Start of DATA SUPPLIED

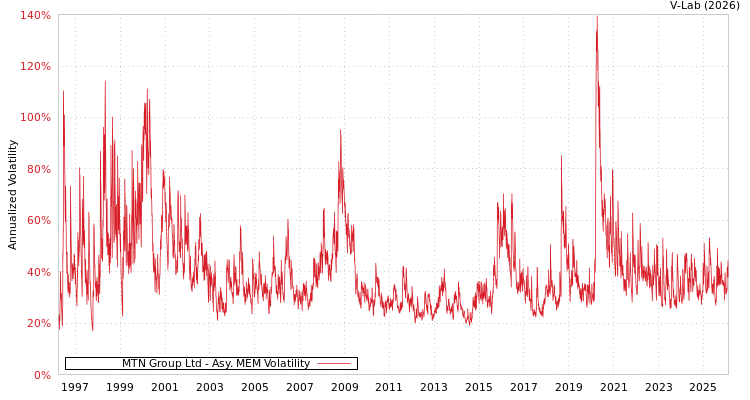 graph of MTN Group Ltd AMEM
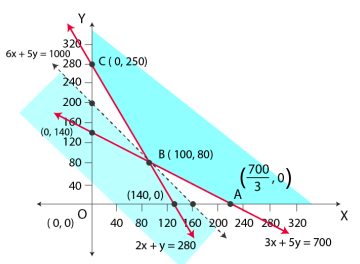 NCERT Solutions Mathematics Class 12 Chapter 12 - 33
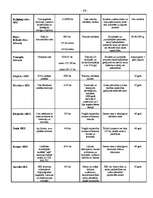Diplomdarbs 'Brīvās ekonomiskās zonas raksturojums', 39.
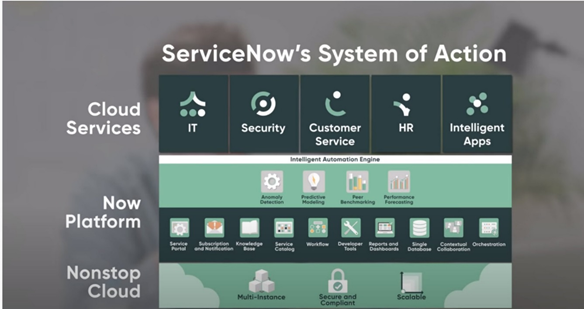 ServiceNow 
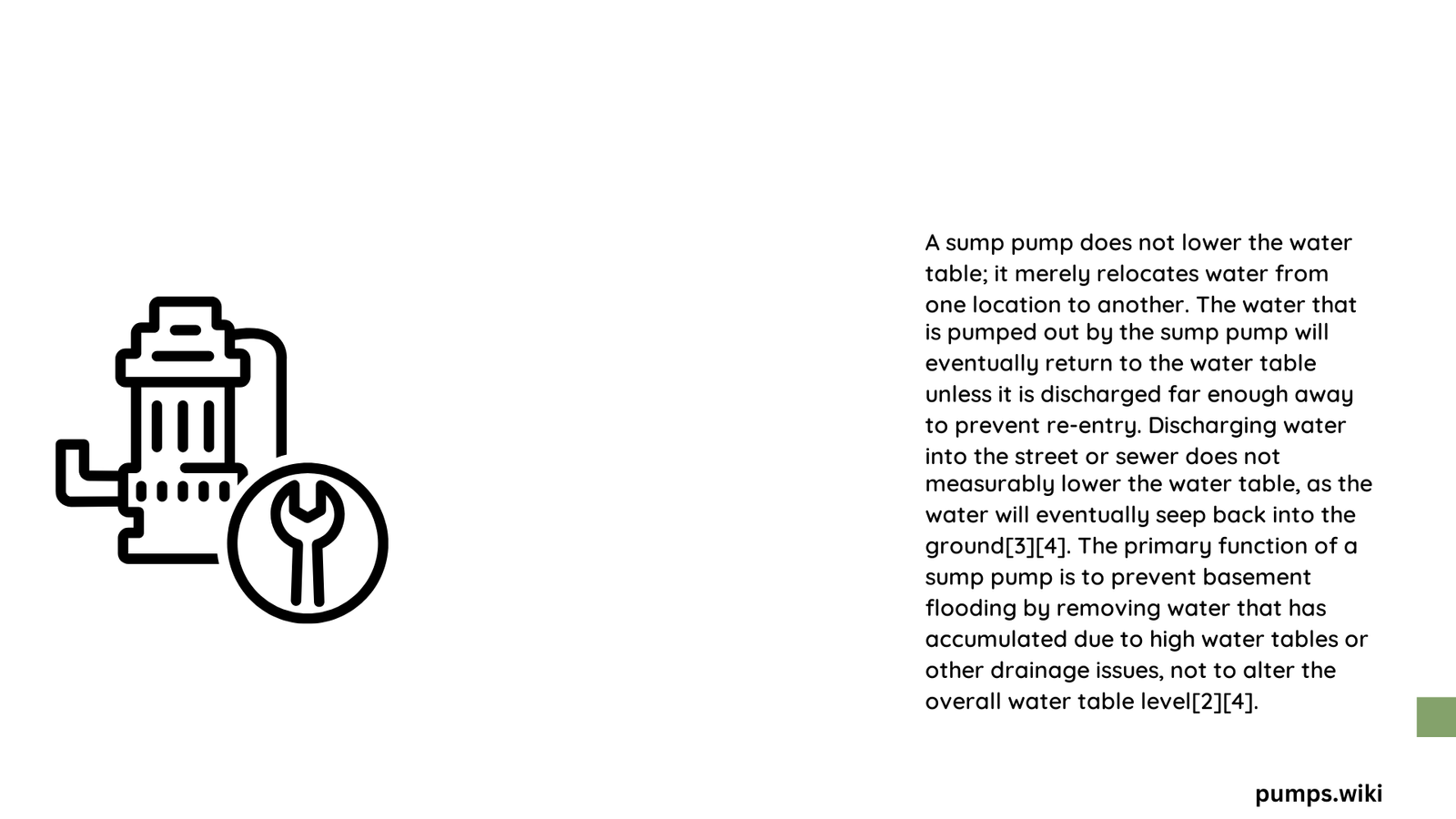 will a sump pump lower water table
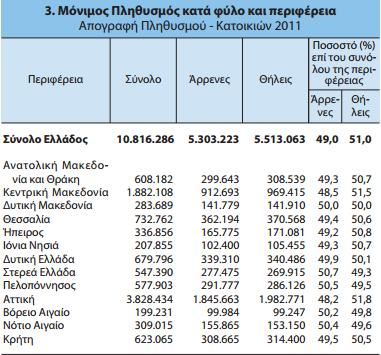 Πίνακας 23: Μόνιμος Πληθυσμός κατά φύλο και περιφέρεια 2011[21] Και στην περίπτωση των περιφερειών για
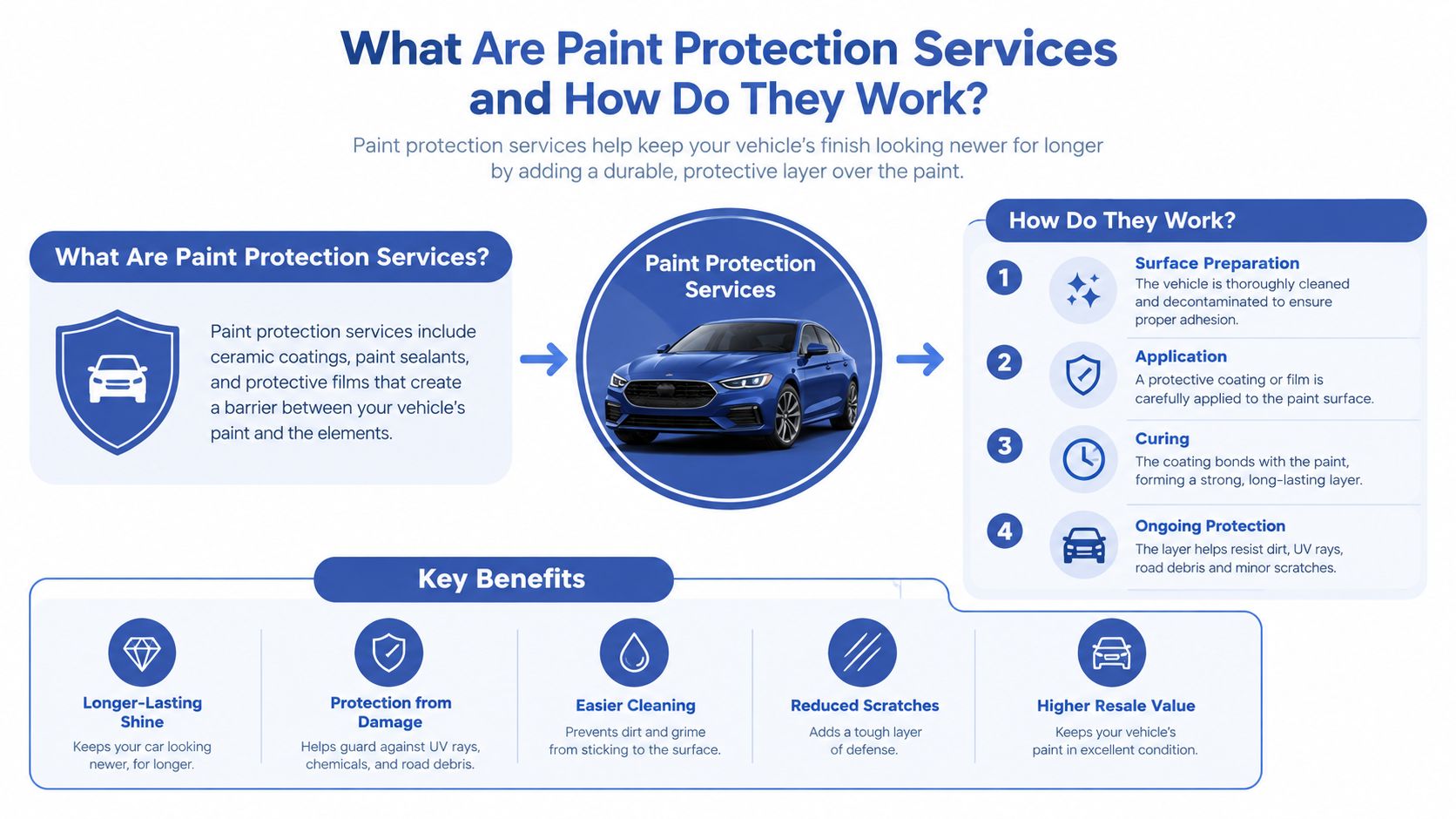 An infographic explaining paint protection services, how they work, and their key benefits for your vehicle.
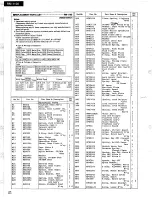 Preview for 22 page of Panasonic RM-1100 Service Manual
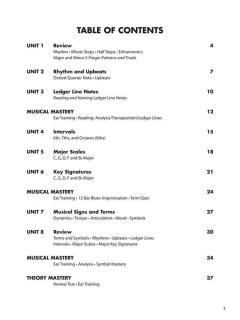 Essential Elements Piano Theory von Mona Rejino 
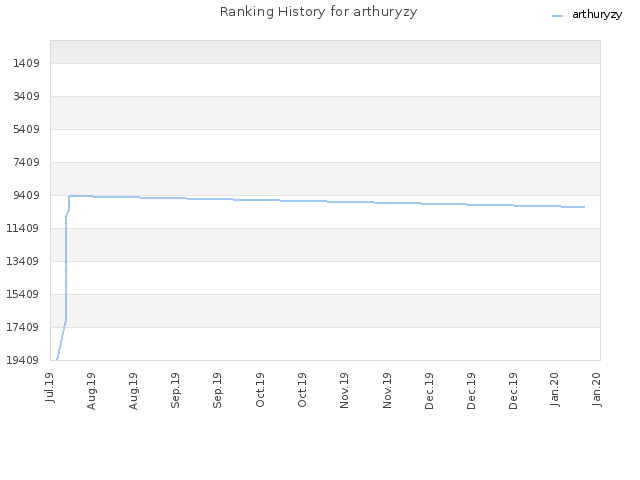 Ranking History for arthuryzy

End of DATA SUPPLIED

TASK REQUIREMENTS: Copy the line showing "An infographic explaining" exactly, along with each line after it through the end of the material above. Pictures stay out.

EXERCISE OUTPUT:
 An infographic explaining paint protection services, how they work, and their key benefits for your vehicle.
 Preview for 22 page of Panasonic RM-1100 Service Manual
 Essential Elements Piano Theory von Mona Rejino 
 Ranking History for arthuryzy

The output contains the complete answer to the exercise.